Police forces gather in street outside the offices of the French satirical weekly Charlie Hebdo in Paris on Wednesday, after armed gunmen stormed the offices. (Martin Bereau AFP/Getty Images)
On tomorrow’s Performance Today, we’re broadcasting a concert recording from Paris, from a venue very close to today’s Charlie Hebdo attack.
Musicians are among the millions around the world who have reacted with shock, anger, and in many cases, with new resolve to the Charlie Hebdo attack.
American cellist Alisa Weilerstein tweeted “Long Live Freedom of Speech.” And she used the hashtag “#JeSuisCharlie.” I am Charlie.
Long live freedom of speech. #JeSuisCharlie #CharlieHebdo pic.twitter.com/dcsAjoWi6x
— Alisa Weilerstein (@AWeilerstein) January 7, 2015
Italian conductor Enrique Mazzola lives and works in Paris. He tweeted “with all my heart near my friends in Paris.”
How should … and how CAN artists respond … to violence?

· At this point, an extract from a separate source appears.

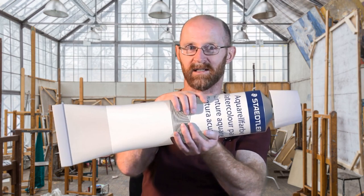Hi there, welcome to another still art session with Ian. In today's session we will use Steadless watercolour paints to paint a still life.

Three days after the assassination of John F. Kennedy, conductor Leonard Bernstein wrote: “This will be our reply to violence: to make music more intensely, more beautifully, more devotedly than ever before.”
And I’m reminded of a conversation I had recently with composer John Luther Adams. We talked about how artists respond to terrible events in the world.
He mentioned the great painter, Claude Monet. At the height of World War I, Monet retreated to the gardens of his home in the French countryside. Not simply as an escape: his own son was in the war. The front moved to within about 30 miles of the garden. But still every day Monet stepped outside … and painted water lilies. In full awareness of what was going on around him. Composer John Luther Adams picks up the story from there.
“He confided to a friend that he felt guilty pursuing his ‘little studies,’ as he put it, of form and color, while so many people were dying and suffering. The irony is that those last paintings of the water lilies were his greatest gift to a troubled world. So that spoke to me the imperative of art in our times … and in all times.”
On behalf of each one of us at Performance Today: Je suis Charlie.